Would you believe that the third time is a charm. I've added support for multiple parameters, primitives and just generally cleaned things up. Probably be where I leave it for awhile.
Just a quick note about some quirks. First, the way the primitives are handled is that they are boxed into their object cousins. This works fine except you may run into situations where you have two methods that have the same perceived signature even though one is declared with a primitive and the other with an Object the corresponds to that primitive. The dispatcher masks any possible difference between the two. These two methods would be considered identical by the dispatch (Both will look like they take an integer object):
void aMethod(int aPrimitive) true
void aMethod(Integer anObject) true
Personally, I think of this as a feature since I don't necessarily like the differentiation between primitives and objects. Additionally, I don't think it would be a good programming practice to have these methods actually do something distinct - they should be identical except for the fact that one uses the primitive operations and the other uses the object operations. Should mean that all things being ideal, which method is chosen in this scenario is irrelevant.
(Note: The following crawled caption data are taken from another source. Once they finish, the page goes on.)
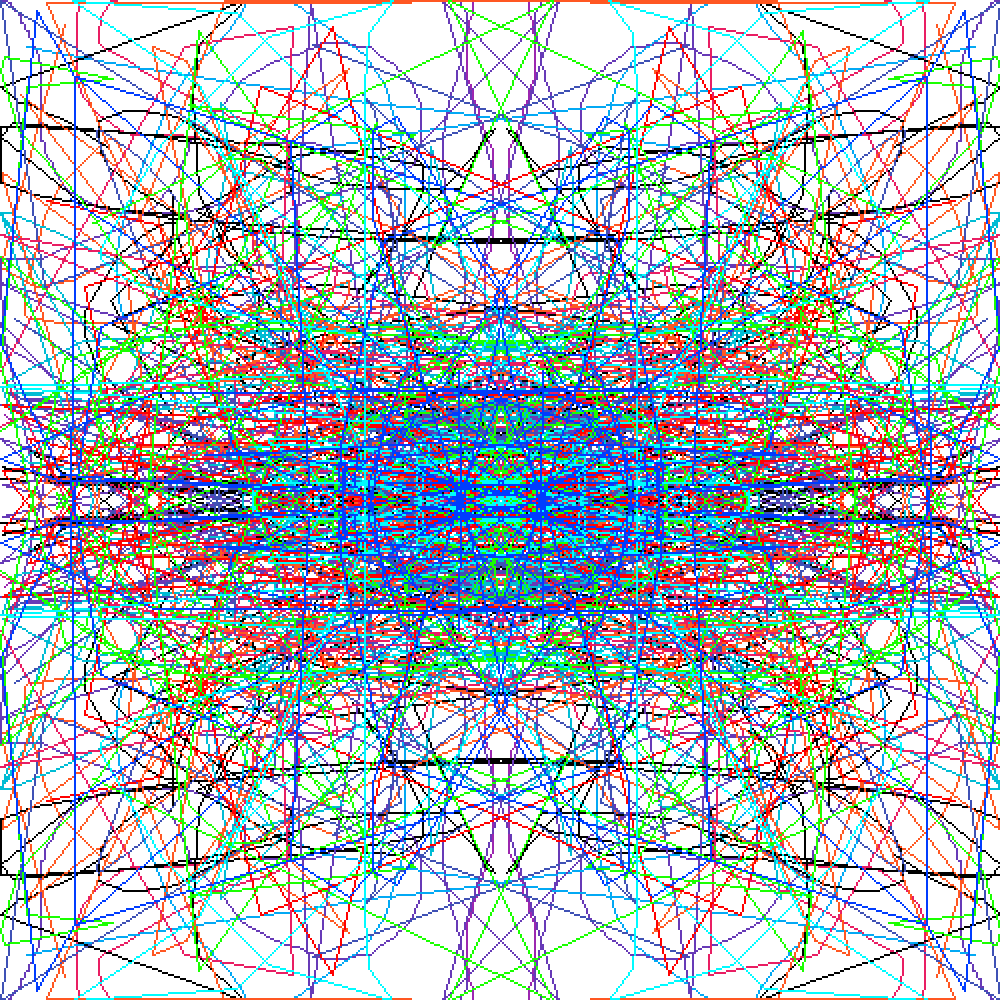 That Moment You Hit All Your Spray Paint Cans With - Aerosol Paint (1000x1000), Png Download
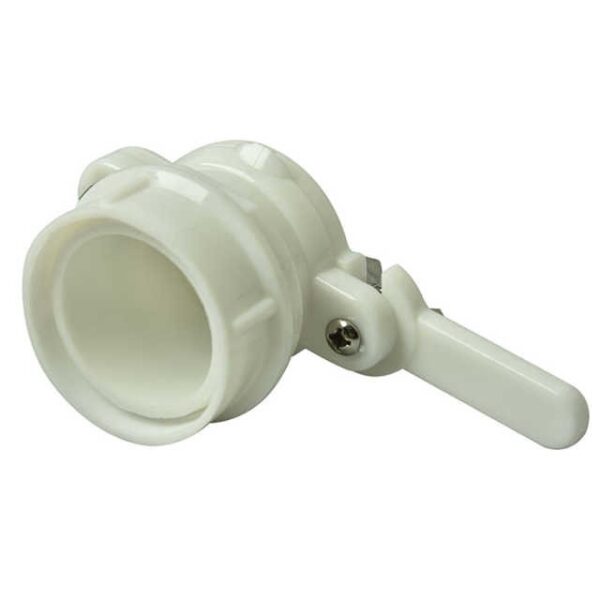 Nylon Honey gate - Image 3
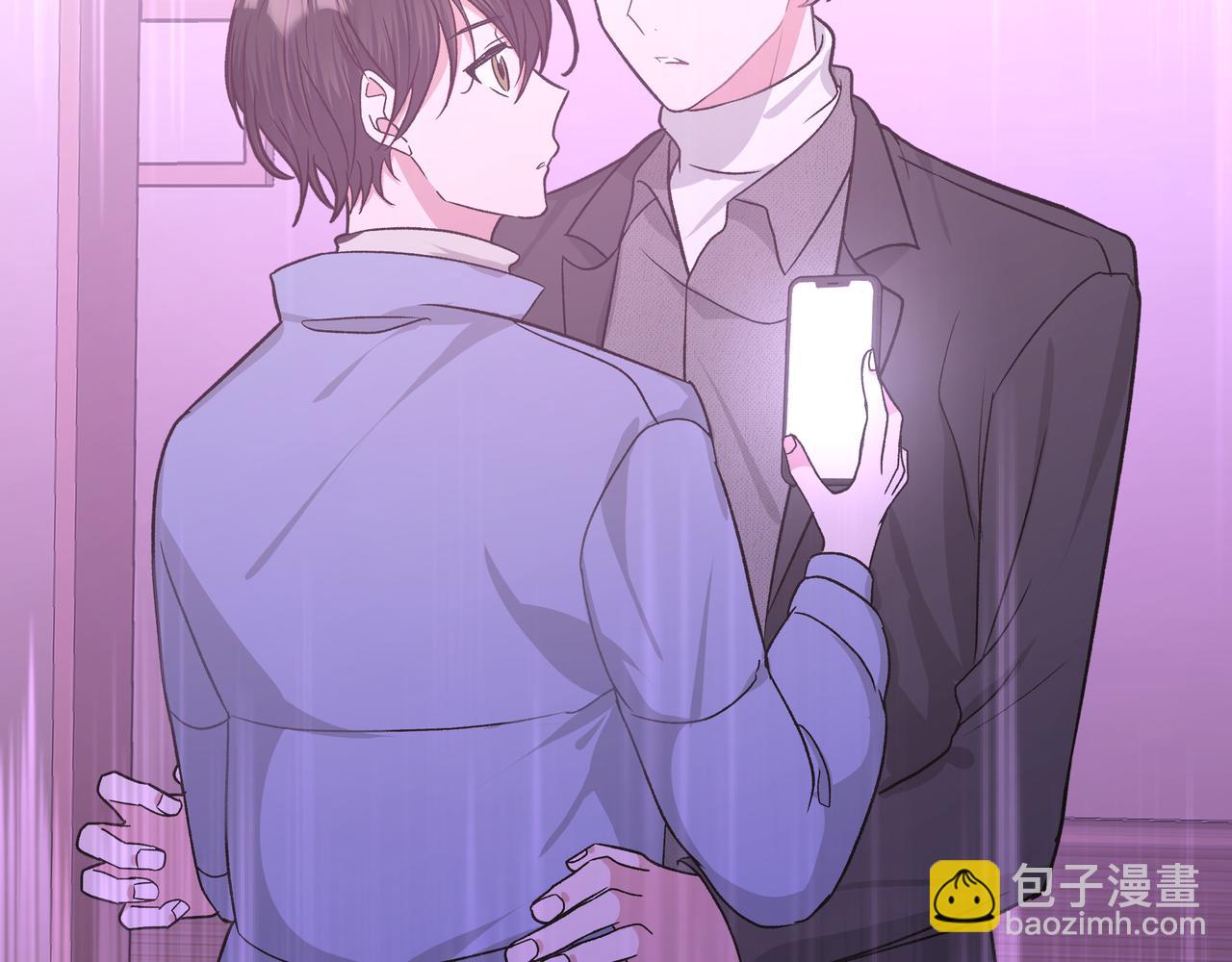 第50话 这么可爱(1/3)-第56话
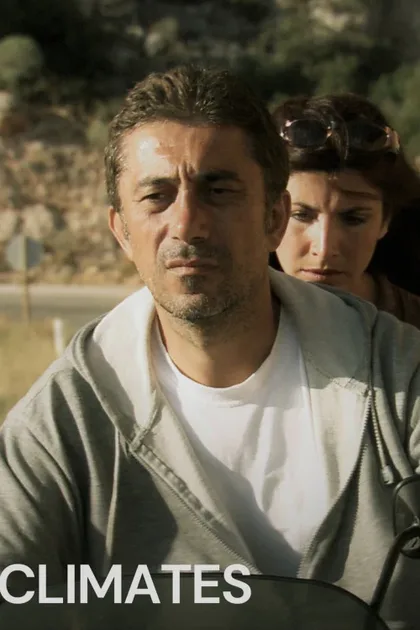 Фильм Времена года (2006)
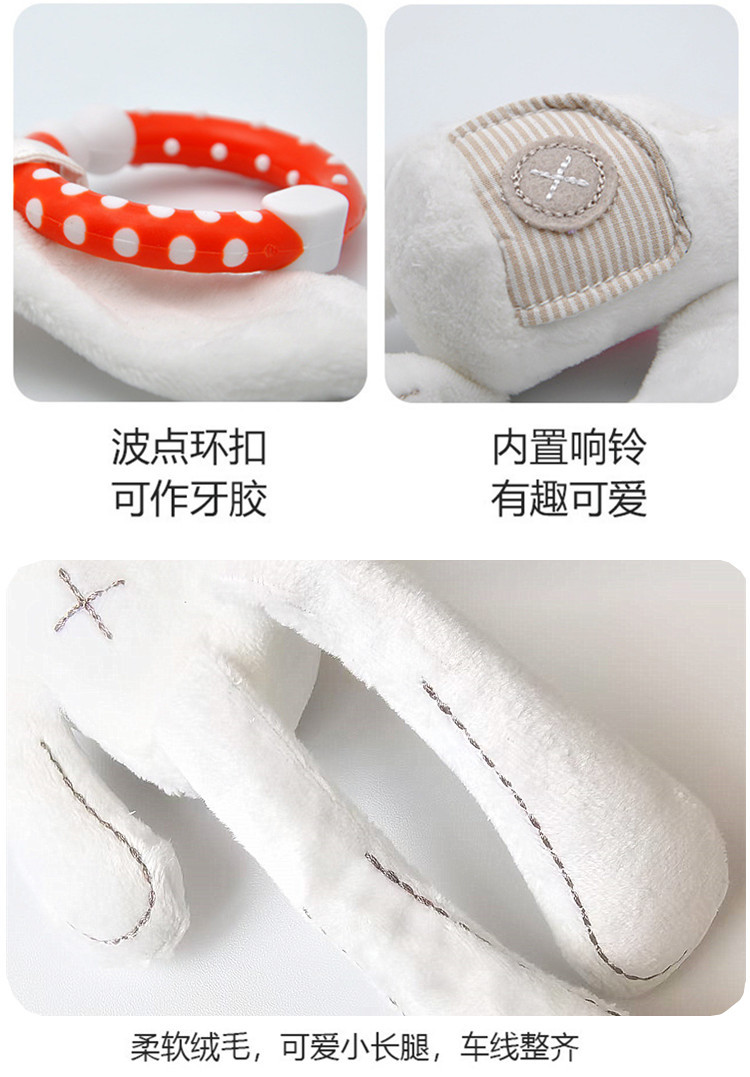 750_20250610183529_副本
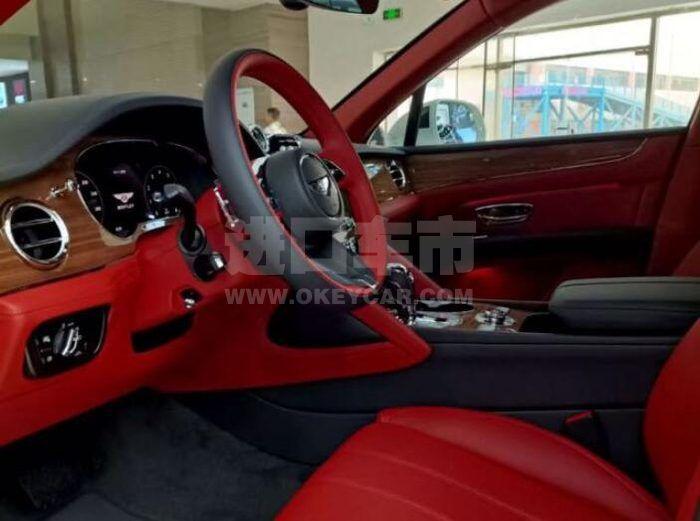 QQ截图20210107090510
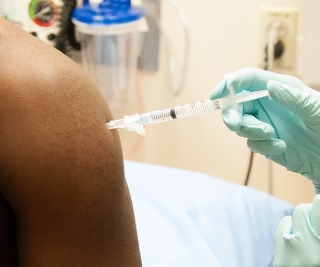 백신의 원리와 예방접종의 필요성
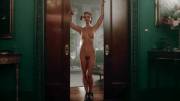Christina Ricci Full Frontal (Better Quality)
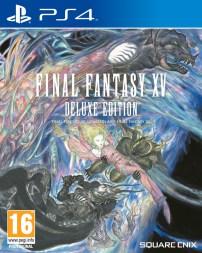 final-fantasy-xv-deluxe-edition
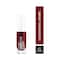 Chambor Color Studio Le Squad Nail Enamel - N 104 WOW (Women of Worth (6ml)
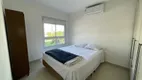 Foto 5 de Flat com 2 Quartos à venda, 45m² em Jardim América, Goiânia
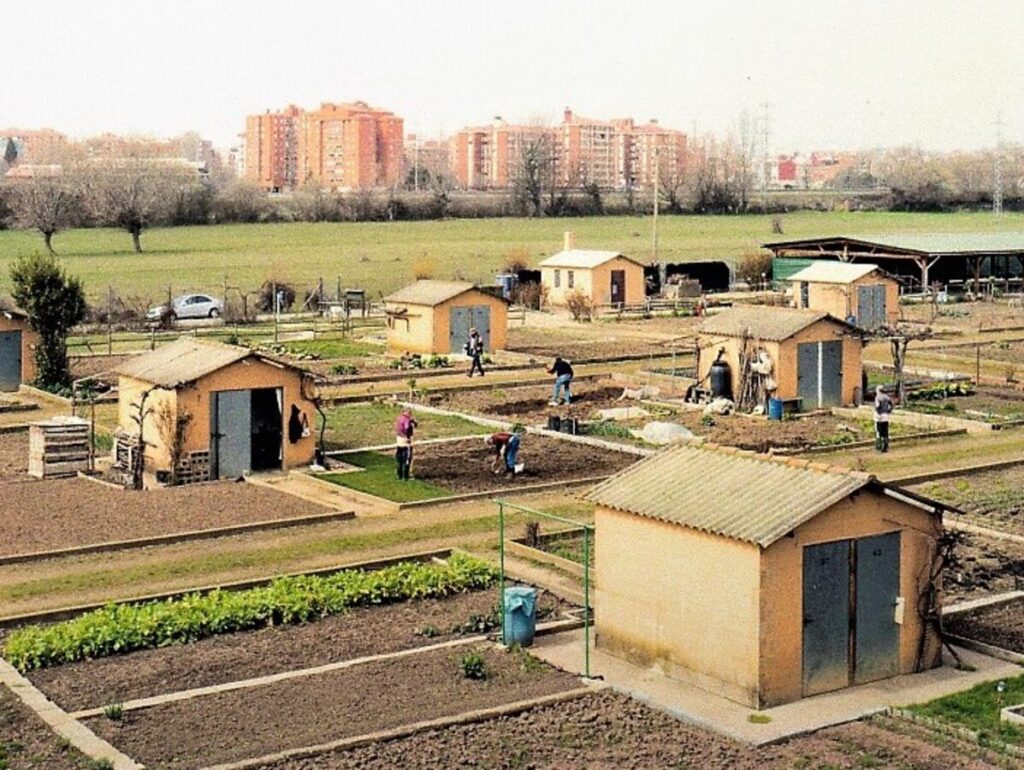 ¿Quién era Diego Salas Pombo? Como un libro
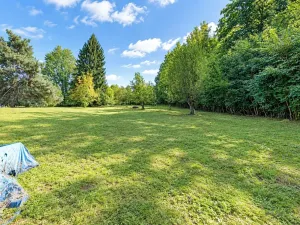 Prodej pozemku pro bydlení, Ostrava, Podvrší, 3278 m2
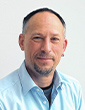 Mike Abitzsch
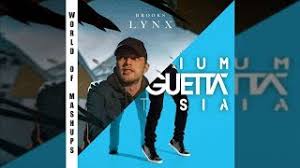 5 / 5 175 мнений. David Guetta Ft Sia Vs Brooks Titanium Vs Lynx David Guetta Mashup Extended Mix Ù…Ø¬Ø§Ù†ÙŠ Mp3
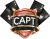 Casinos Austria Poker Tour / CAPT | Seefeld, 07 - 11 OCT 2026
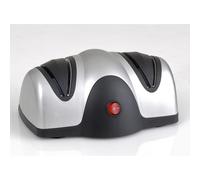 Aiguiseur et affûteur Électrique Sabatier International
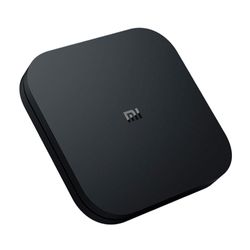 Reproductor-Multimedia-Mi-Box-4K---Xiaomi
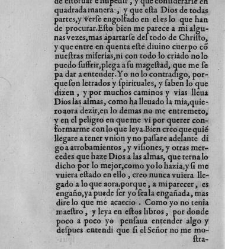 Los libros de la Madre Teresa de Jes&uacute;s(1588) document 444184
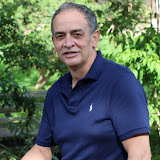 Jairo Gómez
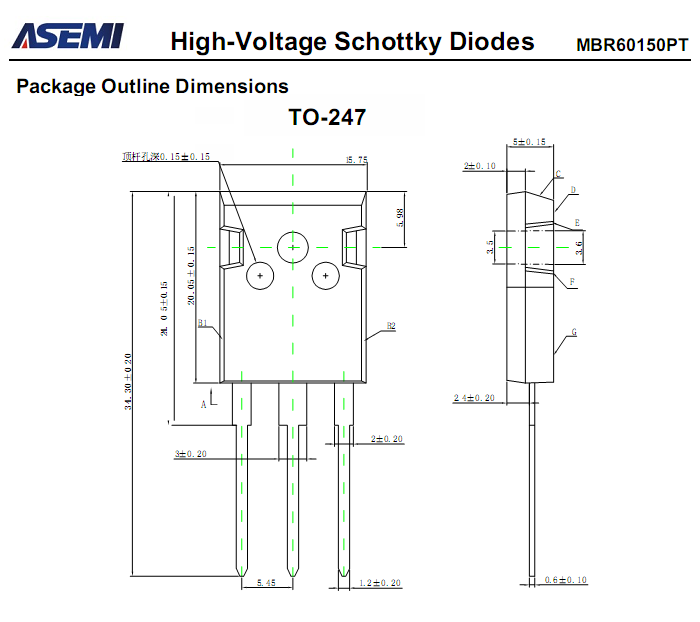 MBR60150PT-ASEMI-5.png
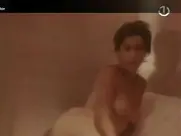 Svetlana Bojković Ljetovanje na jugu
Beyond that, I didn't test whether more than one maximally specific method is supported. I just go through and find one that is most specific (on a left to right basis). This is not necessarily the technique used by the Java compiler. It also doesn't flag a runtime error when the Java compiler would normally indicate that selecting the method is indecisive.
My thinking here is that the overhead added to check for variations is more than it's worth at this time. Covariance using this technique has a lot of loss ends anyhow, so this is just one more thing to take into consideration.
Among other things, I also didn't worry about the (a) handling of exceptions; (b) possible accessibility mismatches; and (c) invariant overriding.